Nepali people are worried about the significant increase in Christianity in Nepal. The number of Christians has risen from 458 in 1961 to 1.4 percent of the country’s total population as per the 2011 census, with the latest religious data expected to show an even higher percentage. There is a district-level federation of churches, which poses no objections from a religious freedom perspective. However, many Nepalis view this growth as a deliberate attempt by different religious missionaries to convert Nepalis, especially those facing various societal challenges.

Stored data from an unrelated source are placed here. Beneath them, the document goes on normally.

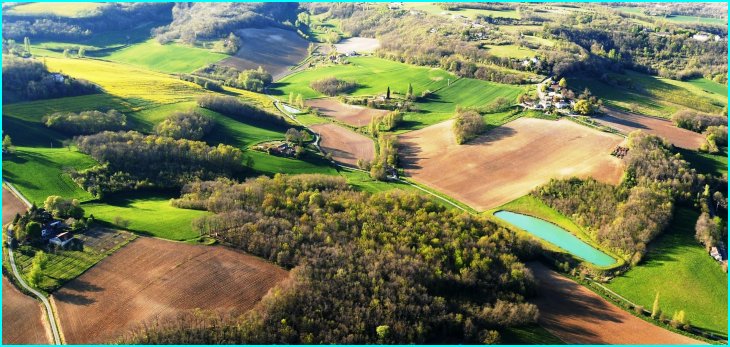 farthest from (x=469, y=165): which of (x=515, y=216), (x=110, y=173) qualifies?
(x=110, y=173)

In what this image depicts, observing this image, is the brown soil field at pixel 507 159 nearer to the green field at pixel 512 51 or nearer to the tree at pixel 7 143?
the green field at pixel 512 51

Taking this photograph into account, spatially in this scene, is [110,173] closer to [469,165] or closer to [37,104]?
[37,104]

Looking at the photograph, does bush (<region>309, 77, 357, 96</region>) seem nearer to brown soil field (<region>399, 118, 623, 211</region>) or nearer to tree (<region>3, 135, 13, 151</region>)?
brown soil field (<region>399, 118, 623, 211</region>)

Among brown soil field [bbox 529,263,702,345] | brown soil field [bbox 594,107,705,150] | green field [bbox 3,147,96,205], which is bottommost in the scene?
brown soil field [bbox 529,263,702,345]

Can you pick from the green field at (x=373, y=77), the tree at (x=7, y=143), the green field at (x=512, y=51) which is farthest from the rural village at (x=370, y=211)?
the green field at (x=373, y=77)


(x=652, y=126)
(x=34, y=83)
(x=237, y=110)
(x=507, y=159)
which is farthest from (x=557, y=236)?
(x=34, y=83)

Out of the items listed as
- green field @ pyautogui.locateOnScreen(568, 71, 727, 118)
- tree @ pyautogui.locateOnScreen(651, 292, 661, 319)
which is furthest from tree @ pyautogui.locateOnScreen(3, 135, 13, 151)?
green field @ pyautogui.locateOnScreen(568, 71, 727, 118) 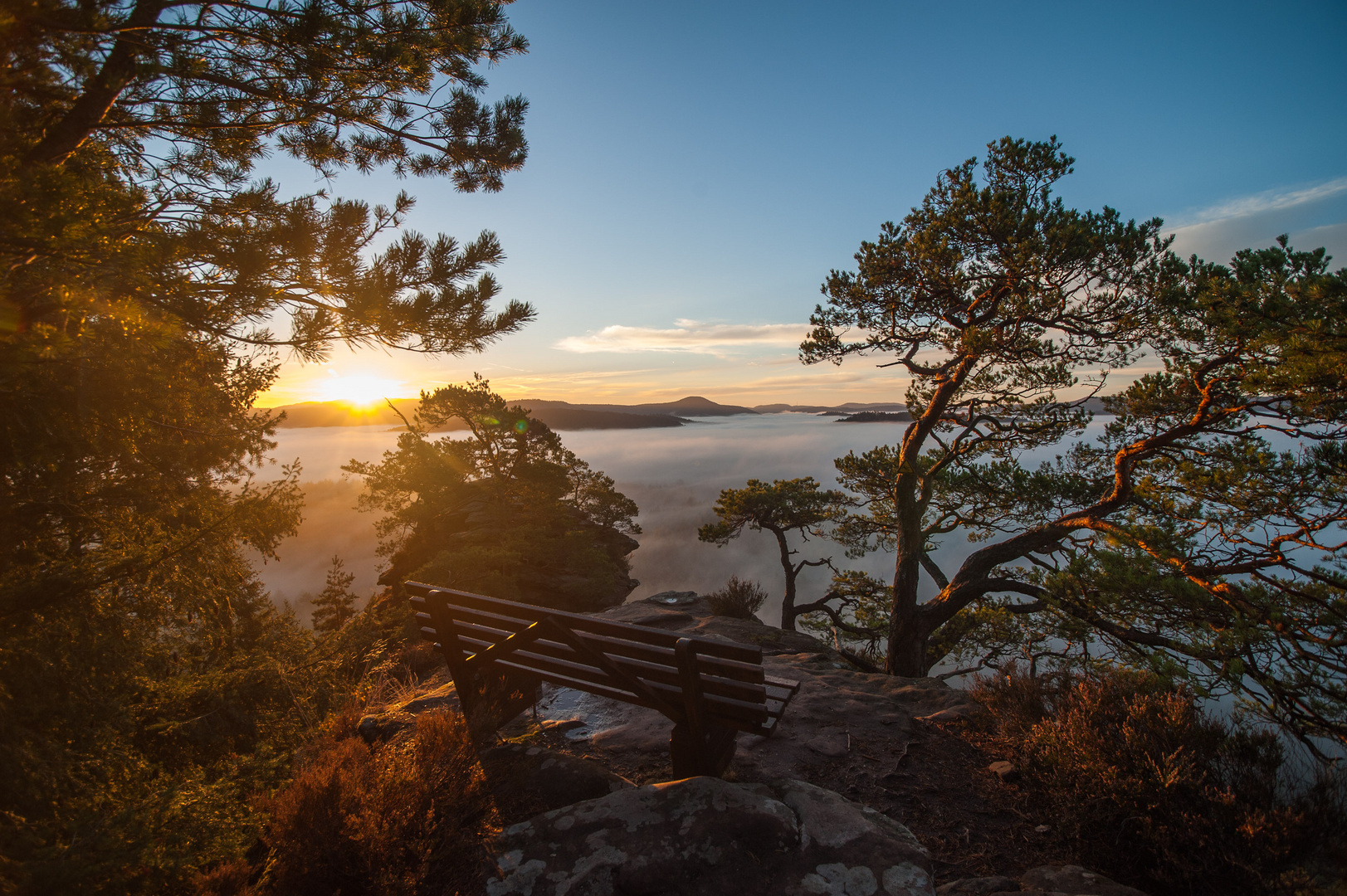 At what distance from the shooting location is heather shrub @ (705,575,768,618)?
11.4m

The US report serves as an essential resource for policymakers, scholars, and human rights advocates to monitor religious freedom worldwide and identify areas requiring additional efforts to promote and protect this fundamental right. However, the report has stirred up sentiments in Nepali society due to intense debates centered around secularism. Since the 2015 Constitution declared Nepal a secular state, this concept has seemed foreign to a significant portion of the population. The restoration of Nepal as a ‘Hindurastra’ has become a significant issue in Nepali society. It’s worth noting that secularism implies religious and cultural freedom while safeguarding long standing religions and customs.
Political parties in Nepal, such as CPN-UML and Nepali Congress, are generating discussion about removing secularism. Recently, former constituent assembly member Ram Kumar Sharma and former House of Representatives Indu Sharma met with Party president Pushpa Kamal Dahal and demanded a referendum on several agendas, primarily focused on ‘secularism,’ to steer Nepal towards long-term peace. Some months ago, Nepal sent two Shaligram stones to Ayodhya for constructing idols of Ram and Sita, based on a cabinet decision. This religious exchange between Nepal and India was led by Bimlendra Nidhi, a current member of the House of Representatives.

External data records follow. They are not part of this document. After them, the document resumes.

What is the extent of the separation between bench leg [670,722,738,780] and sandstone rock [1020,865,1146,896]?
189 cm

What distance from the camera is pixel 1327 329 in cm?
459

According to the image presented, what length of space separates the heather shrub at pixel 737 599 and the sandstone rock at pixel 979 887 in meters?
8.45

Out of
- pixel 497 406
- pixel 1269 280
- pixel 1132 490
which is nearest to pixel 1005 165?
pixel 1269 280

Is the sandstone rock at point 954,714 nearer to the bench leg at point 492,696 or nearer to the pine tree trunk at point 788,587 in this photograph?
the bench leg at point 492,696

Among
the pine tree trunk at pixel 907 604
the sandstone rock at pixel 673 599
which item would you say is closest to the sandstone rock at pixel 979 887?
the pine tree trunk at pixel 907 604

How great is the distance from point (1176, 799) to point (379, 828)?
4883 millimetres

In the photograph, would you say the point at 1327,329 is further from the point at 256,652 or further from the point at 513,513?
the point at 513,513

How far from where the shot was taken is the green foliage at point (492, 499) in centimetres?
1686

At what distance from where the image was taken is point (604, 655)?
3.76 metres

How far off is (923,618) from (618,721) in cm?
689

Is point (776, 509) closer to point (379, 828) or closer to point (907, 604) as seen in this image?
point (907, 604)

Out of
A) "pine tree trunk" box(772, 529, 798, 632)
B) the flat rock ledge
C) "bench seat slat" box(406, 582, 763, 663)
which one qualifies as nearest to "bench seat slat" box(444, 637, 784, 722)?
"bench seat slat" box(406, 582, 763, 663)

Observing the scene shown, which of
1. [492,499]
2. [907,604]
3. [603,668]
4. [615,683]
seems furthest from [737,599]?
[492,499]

On the global political stage, the BJP is recognized as the world’s largest political party. However, political critics from various parts of the world view the BJP as a party rooted in ‘Core Hindutva.’ If the US assumes that the BJP’s influence in Nepal is significant based solely on appearances, it seems superficial. In reality, the US is concerned about potential ‘public restrictions on religious conversion’ in Nepal. Given the possible regression in secularism and other political developments in Nepal, the USAID has funded the Civil Society and Media activity for a five-year duration in Madhesh and Lumbani provinces. The project aims to promote public interest, fundamental freedoms, and accountability.